FWC dismisses $115,000 workplace dispute over skipped resolution steps

Rushing to FWC proves costly after worker bypassed internal procedures

FWC dismisses $115,000 workplace dispute over skipped resolution steps

The Fair Work Commission (FWC) recently dealt with a dispute where a worker claimed she was underpaid more than $115,000 in entitlements. She wanted the Commission to order her employer to pay the alleged entitlements within 14 days and ensure proper payment moving forward, with retrospective effect from 1 September 2024.

The case turned on whether proper dispute resolution procedures were followed before approaching the FWC.

The outcome revealed important lessons about following enterprise agreement procedures before escalating workplace disputes.

Worker’s history and workplace dispute

The dispute arose at a Catholic Independent School in Moss Vale, New South Wales, where the worker was employed in the boarding house.

She filed her application under section 739 of the Fair Work Act 2009, seeking resolution under the NSW Catholic Independent Schools Support Staff Multi-Enterprise Agreement 2023 and its predecessor agreements from 2020 and 2017.

The Commissioner disclosed a potential conflict of interest due to his role on another Catholic Independent School board in the region. However, no objections were raised about his handling of the application.

The Commission noted that claims under the predecessor agreements were misplaced, as these had ended and no longer applied to the worker's employment. The dispute could only be considered under the current agreement.

Employee dispute resolution steps

The enterprise agreement's dispute resolution clause outlined specific requirements in clause 24.2: "Subject to the provisions of the Act, disputes in relation to matters under this Agreement and the NES shall be dealt with in the following manner."

The clause required reasonable attempts to resolve disputes at the workplace through discussions between employees and the principal or nominee.

On 12 August 2024, the worker's representative sent a demand letter, describing it as "a formal attempt to resolve the dispute in accordance with EA cl 24.2 Step 1." The letter gave a 14-day deadline, stating that if the settlement wasn't paid, they would seek FWC conciliation "without further notice."

The school was unaware that issues raised by the worker in March 2024 remained unresolved when they received this demand letter. The head of school responded on 23 August, explaining their position and offering to meet or provide a detailed written response.

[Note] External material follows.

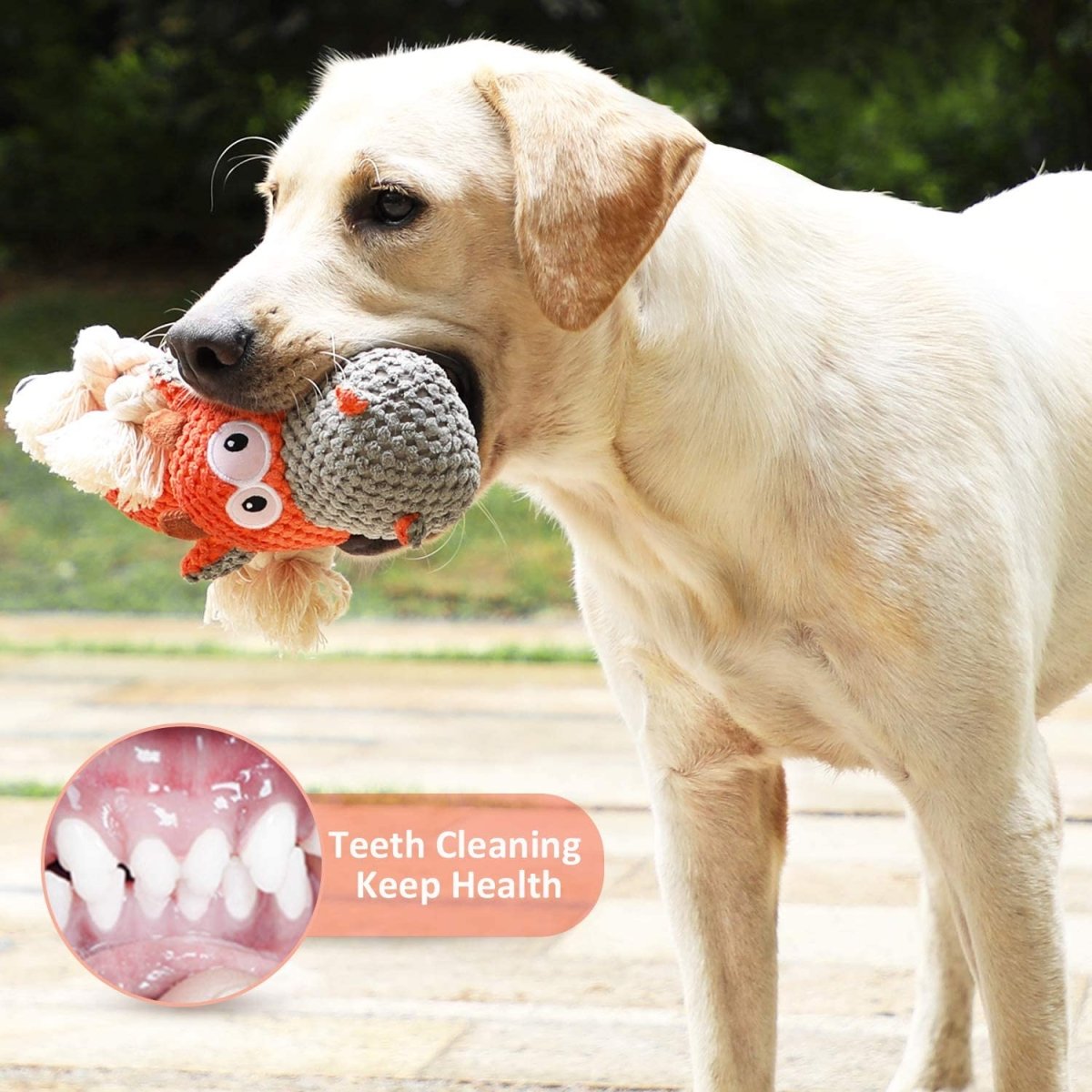 Indestructible Dog Squeaky Plush Toy for Large Aggressive Chewers - Best Buddy Store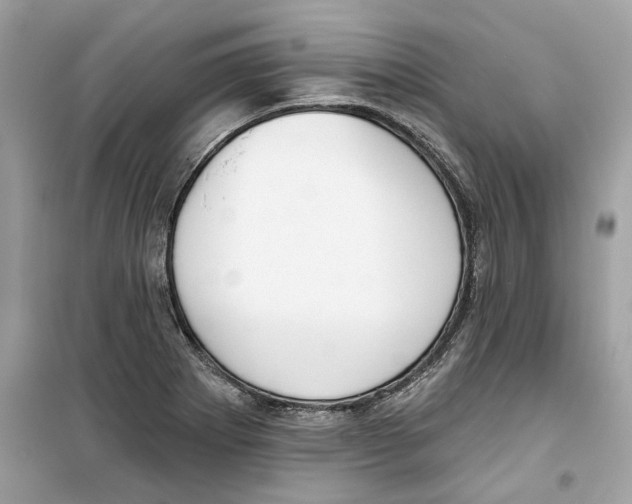 X0000098211273200805221619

Workplace resolution requirements

A key issue was identifying who qualified as "the principal" under clause 24. While the college director had signed the agreement as "Principal," the head of school was nominated as principal for regulatory purposes with the New South Wales Education Standards Authority.

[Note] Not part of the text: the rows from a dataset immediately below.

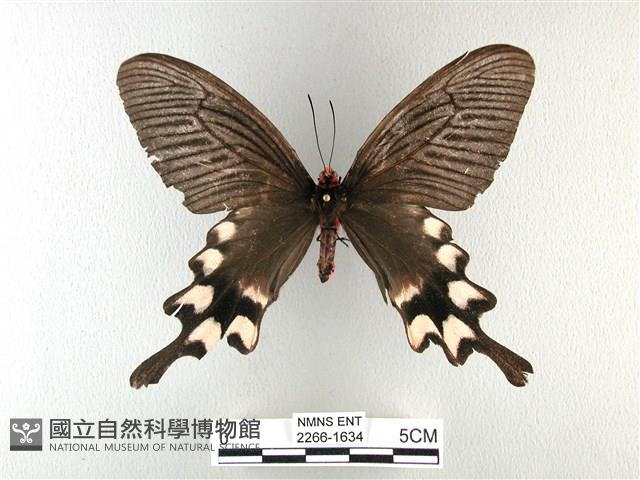 長尾麝鳳蝶藏品圖，第1張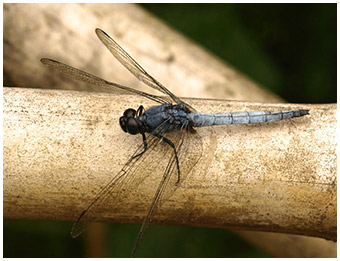 Orthetrum glaucum mâle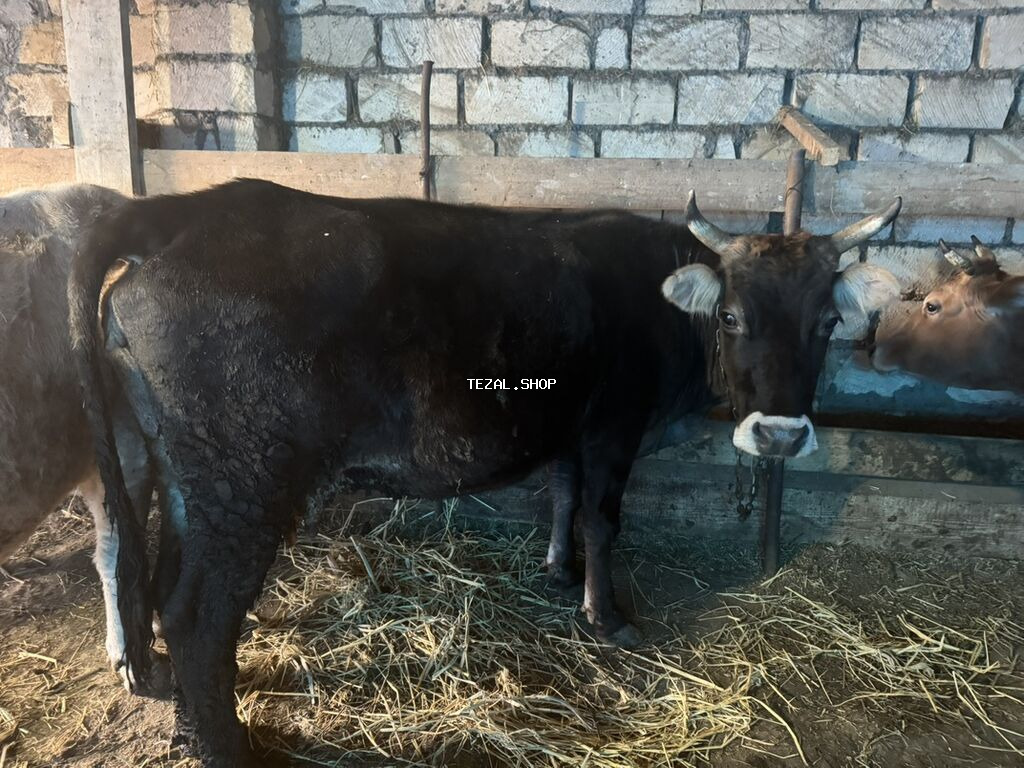 Dişi, il: 2, Südlük, Ünvandan götürmə - şəkil 2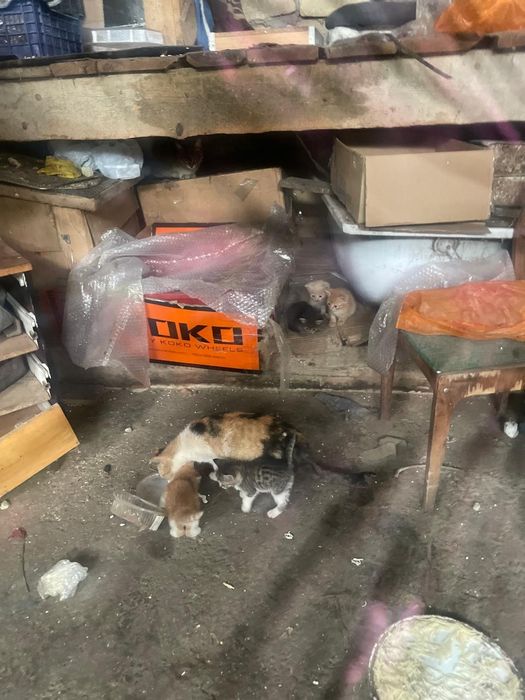 Котята ищут дом и хороших хозяев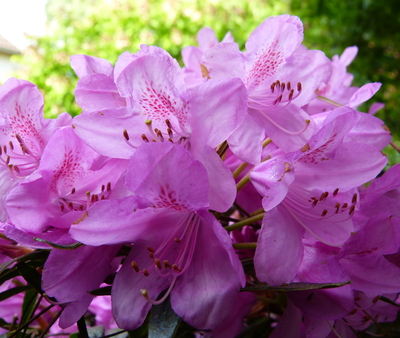 Rhododendron "graziella"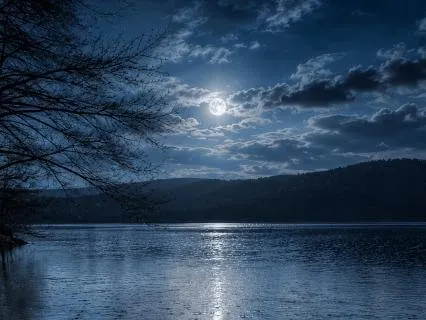 Rain & Birdsong Extended — Binaural Ambient For Deep Sleep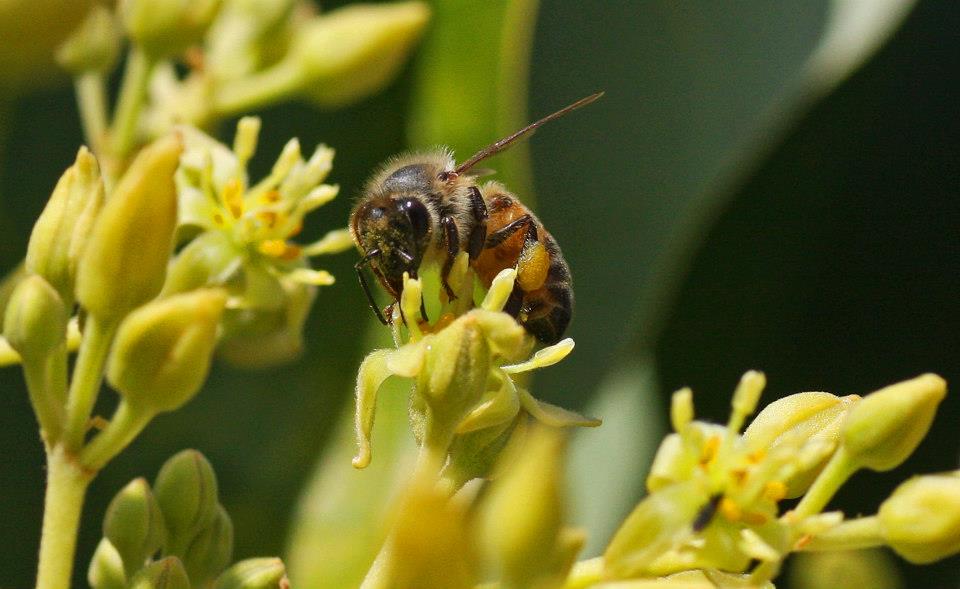 фото "Avocado Pollenating" метки: природа, макро и крупный план,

The Commissioner found that even if the head of school wasn't technically the principal, she was authorised to handle enterprise agreement disputes on the school's behalf, acting either as principal or as the director's nominee.

The decision noted that while the worker's March 2024 emails constituted workplace attempts at resolution, subsequent communications through her representative didn't qualify as "at the workplace" efforts, as required by the agreement.

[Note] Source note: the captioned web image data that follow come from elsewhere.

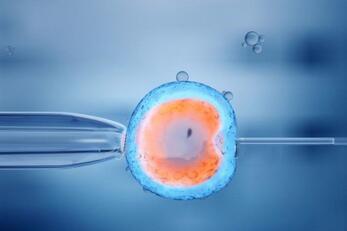 取卵前要注意什么事项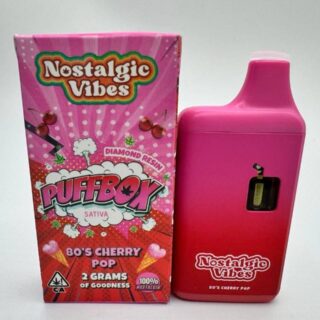 Nostalgic Vibes Disposable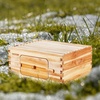 image:imageVEVOR 10 Frame Bee Hive Beeswax Coated Fir Wood Bee Hives Starter Kit Bee Boxes Langstroth Beehive Kit Transparent Acrylic Windows with Foundations for Beginners Pro BeekeepersDeep Brood Box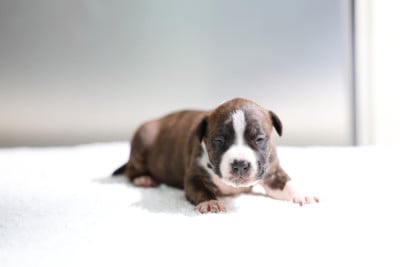 Les chiots de American Staffordshire Terrier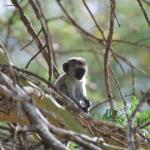 Baby black-faced vervet monkey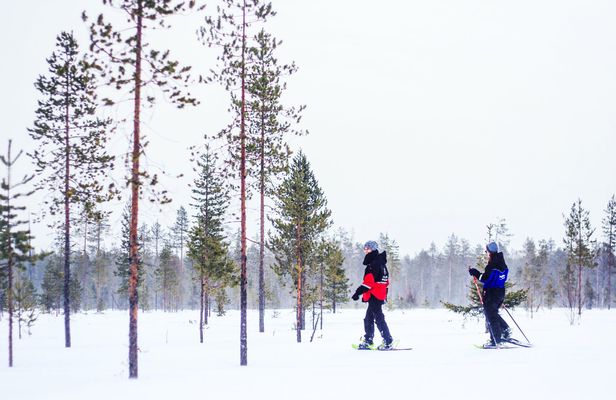 Ivalo snowshoeing and ice fishing combo tour
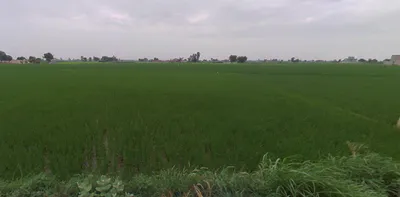 Balachaur, Punjab 144521, India preview 3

FWC: Resolve the dispute first

The Commission explained: "The result was to significantly limit the opportunity for consultation, cooperation or negotiation between the parties before applying to the Commission in a way that was inconsistent with the purpose of clause 24.2."

Addressing procedural arguments, the Commissioner noted: "If a dispute arises about whether the Commission has jurisdiction to deal with an application, the dispute must be resolved before the Commission can deal with the application itself."

The decision concluded that at application time, the agreement "did not require or allow the Commission to deal with the dispute for the purposes of s.595 and s.739 of the Act, because the steps contained in clause 24 had not been followed by [the worker]."

The case emphasised that following enterprise agreement procedures isn't optional, regardless of how strong an employee believes their claim to be. The FWC said that it can't consider disputes until workplace-level resolution attempts have been properly made.